If this seems like an immature topic to write about, well it probably is. But also, if it seems immature, it's likely that you’re not a runner. This isn't really just about Mr. G's running pace or comparing athleticism, but about garnering credibility from my kids in areas where I am actually credible. I hear it all this time. A guy bikes past my family looking like an advertisement for Pearl Izumi and Sophie says "Dad, that guys a real biker". As if fashion makes the athlete. Perhaps it does.
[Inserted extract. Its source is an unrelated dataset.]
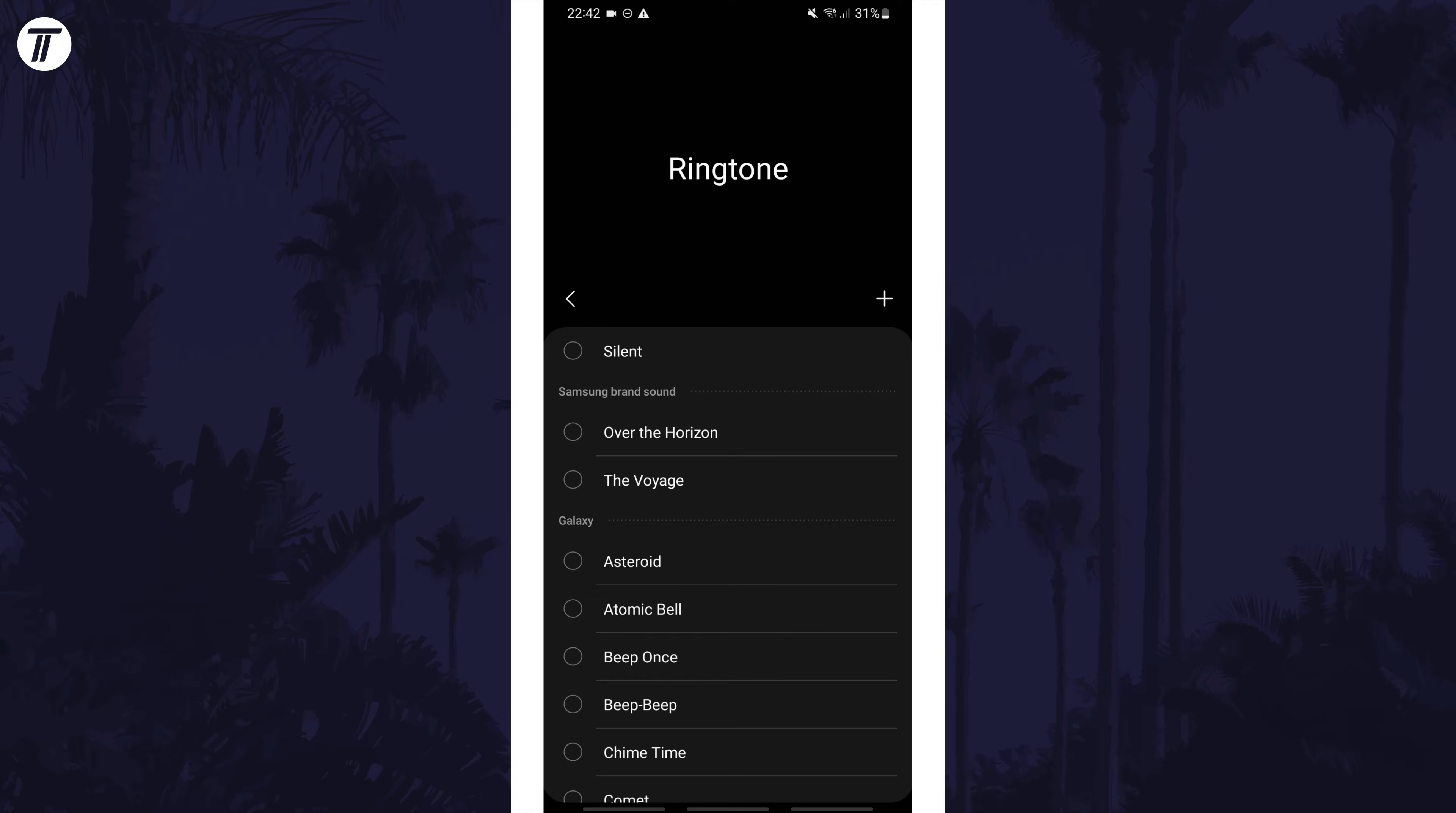That's how to change your ringtone on a Samsung device. Click the card on screen now to watch a video of mine showing you 10 easy ways to speed up your Samsung device.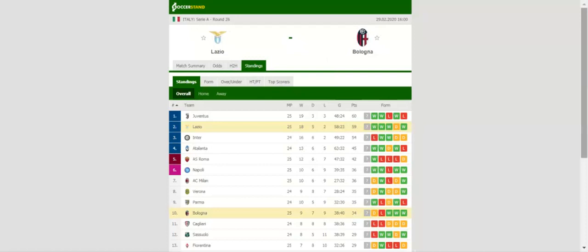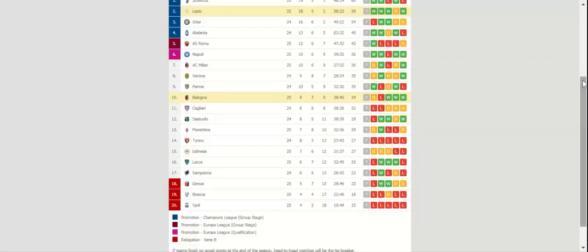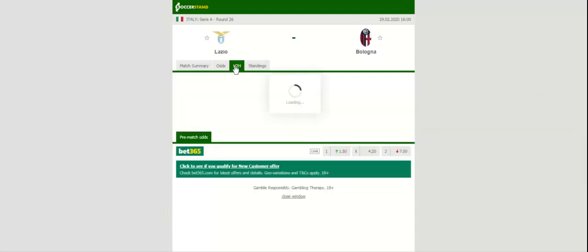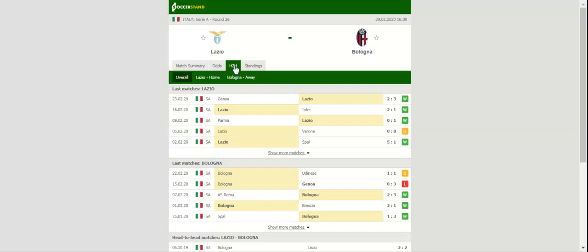Lazio will be looking to keep their Scudetto hopes alive when they host Bologna at their Stadio Olimpico on matchday 26. The Biancocelesti did well to beat Genoa on the road in their last league match, with Ciro Immobile scoring his 27th goal of the season.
Each year, my kids' school holds a "Race for Education". It's a fund-raiser that culminates in the kids running laps around the school track – I like that part. The rest of the fund-raiser is particularly annoying. There are several incentives that keep the kids actively asking for money for weeks. It is so prominently discussed during the school day that Eli, 8 years old, wants to donate his own money to ensure that his school meets their goal and earns a bounce-house party after the race.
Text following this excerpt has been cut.